## Task directions
The answer is to be an exact copy of the lines below running from the line with "My Jewellery Maxi" down to the line with "FootJoy Dry Fashion", both ends included, and nothing more.

----------------------------------------

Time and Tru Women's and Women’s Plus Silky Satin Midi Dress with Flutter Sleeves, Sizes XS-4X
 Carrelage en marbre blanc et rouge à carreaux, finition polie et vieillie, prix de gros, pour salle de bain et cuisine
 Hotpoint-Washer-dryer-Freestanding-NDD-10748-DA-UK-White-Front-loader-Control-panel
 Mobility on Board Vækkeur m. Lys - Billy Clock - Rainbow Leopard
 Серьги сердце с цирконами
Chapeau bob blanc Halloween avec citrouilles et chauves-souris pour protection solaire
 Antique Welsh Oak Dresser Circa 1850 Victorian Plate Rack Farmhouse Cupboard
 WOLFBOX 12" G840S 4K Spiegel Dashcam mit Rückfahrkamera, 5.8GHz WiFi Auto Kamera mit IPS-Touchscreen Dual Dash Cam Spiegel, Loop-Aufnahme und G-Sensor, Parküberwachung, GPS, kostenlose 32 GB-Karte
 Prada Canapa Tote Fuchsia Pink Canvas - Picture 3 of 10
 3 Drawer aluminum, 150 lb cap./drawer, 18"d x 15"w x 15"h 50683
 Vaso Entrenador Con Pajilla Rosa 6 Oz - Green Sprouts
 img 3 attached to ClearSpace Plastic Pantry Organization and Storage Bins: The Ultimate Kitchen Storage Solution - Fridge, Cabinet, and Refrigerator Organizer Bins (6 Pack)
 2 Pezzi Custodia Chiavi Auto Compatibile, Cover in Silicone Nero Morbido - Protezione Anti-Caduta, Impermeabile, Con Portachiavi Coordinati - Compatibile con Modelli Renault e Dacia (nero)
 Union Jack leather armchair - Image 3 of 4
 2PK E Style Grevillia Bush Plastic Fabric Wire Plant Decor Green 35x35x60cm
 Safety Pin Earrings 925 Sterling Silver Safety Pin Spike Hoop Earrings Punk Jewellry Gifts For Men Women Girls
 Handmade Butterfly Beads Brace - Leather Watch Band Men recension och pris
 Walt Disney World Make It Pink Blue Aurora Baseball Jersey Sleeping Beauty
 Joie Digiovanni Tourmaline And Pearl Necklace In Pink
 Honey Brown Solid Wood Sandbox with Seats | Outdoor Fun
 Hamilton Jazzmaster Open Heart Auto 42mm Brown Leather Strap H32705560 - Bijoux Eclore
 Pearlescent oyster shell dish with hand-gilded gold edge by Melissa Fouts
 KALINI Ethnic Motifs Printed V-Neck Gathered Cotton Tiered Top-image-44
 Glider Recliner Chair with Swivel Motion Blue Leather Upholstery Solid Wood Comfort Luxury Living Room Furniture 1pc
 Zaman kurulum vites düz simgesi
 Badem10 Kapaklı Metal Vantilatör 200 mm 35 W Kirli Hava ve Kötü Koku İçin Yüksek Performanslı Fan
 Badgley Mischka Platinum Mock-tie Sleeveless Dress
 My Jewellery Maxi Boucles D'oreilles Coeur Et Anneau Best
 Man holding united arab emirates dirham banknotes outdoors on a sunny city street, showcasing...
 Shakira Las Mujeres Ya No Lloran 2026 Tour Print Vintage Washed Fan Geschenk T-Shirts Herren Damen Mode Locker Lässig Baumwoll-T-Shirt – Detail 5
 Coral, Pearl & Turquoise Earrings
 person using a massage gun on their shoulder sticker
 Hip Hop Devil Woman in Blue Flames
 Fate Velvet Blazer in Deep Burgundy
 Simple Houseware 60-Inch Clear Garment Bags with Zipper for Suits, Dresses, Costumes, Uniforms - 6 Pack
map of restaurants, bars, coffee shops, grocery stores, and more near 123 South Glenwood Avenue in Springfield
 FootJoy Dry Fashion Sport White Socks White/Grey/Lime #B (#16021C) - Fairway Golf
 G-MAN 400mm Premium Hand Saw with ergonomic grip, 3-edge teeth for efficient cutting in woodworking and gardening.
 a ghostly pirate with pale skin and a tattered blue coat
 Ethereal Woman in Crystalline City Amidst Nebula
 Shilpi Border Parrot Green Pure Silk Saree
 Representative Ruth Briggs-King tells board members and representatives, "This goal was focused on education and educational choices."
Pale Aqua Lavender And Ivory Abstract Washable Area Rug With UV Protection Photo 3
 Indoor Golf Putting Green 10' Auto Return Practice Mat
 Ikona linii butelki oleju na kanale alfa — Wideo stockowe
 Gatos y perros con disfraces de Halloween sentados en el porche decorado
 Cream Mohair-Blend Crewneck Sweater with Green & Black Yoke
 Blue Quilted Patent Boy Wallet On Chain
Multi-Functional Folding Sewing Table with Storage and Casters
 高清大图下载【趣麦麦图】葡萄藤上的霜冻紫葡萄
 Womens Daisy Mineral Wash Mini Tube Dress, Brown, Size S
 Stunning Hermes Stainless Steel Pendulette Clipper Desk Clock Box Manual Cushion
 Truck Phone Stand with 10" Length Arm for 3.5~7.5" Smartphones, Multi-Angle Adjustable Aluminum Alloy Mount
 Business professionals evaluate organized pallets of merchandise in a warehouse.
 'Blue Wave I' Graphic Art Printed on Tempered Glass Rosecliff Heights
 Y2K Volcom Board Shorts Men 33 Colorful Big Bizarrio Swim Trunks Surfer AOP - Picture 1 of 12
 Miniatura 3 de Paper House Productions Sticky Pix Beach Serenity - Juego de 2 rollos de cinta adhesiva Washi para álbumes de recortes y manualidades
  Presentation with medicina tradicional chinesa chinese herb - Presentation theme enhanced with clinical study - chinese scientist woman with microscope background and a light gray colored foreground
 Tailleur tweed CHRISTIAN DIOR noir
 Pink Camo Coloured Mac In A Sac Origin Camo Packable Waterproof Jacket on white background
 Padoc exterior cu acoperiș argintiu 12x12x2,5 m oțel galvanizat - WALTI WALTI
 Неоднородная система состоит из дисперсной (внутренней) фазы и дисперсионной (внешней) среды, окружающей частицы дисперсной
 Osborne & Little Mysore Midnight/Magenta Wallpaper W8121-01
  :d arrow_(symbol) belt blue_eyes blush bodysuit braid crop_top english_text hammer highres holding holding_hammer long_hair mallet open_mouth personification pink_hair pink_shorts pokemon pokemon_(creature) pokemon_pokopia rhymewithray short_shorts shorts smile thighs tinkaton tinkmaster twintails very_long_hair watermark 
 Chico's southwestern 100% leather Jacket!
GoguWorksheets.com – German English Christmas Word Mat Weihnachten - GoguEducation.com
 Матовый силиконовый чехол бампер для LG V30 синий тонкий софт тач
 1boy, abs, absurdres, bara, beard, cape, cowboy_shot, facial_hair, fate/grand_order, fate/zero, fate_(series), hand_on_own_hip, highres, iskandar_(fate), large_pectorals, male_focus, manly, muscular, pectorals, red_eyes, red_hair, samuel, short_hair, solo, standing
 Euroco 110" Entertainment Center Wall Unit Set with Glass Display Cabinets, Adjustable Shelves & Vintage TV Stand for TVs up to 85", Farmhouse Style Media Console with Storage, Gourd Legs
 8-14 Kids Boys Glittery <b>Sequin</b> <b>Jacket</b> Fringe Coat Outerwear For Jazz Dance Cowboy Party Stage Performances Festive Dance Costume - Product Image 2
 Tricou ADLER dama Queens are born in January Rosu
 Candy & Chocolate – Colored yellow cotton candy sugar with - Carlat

----------------------------------------

## Output of the task
 My Jewellery Maxi Boucles D'oreilles Coeur Et Anneau Best
 Man holding united arab emirates dirham banknotes outdoors on a sunny city street, showcasing...
 Shakira Las Mujeres Ya No Lloran 2026 Tour Print Vintage Washed Fan Geschenk T-Shirts Herren Damen Mode Locker Lässig Baumwoll-T-Shirt – Detail 5
 Coral, Pearl & Turquoise Earrings
 person using a massage gun on their shoulder sticker
 Hip Hop Devil Woman in Blue Flames
 Fate Velvet Blazer in Deep Burgundy
 Simple Houseware 60-Inch Clear Garment Bags with Zipper for Suits, Dresses, Costumes, Uniforms - 6 Pack
map of restaurants, bars, coffee shops, grocery stores, and more near 123 South Glenwood Avenue in Springfield
 FootJoy Dry Fashion Sport White Socks White/Grey/Lime #B (#16021C) - Fairway Golf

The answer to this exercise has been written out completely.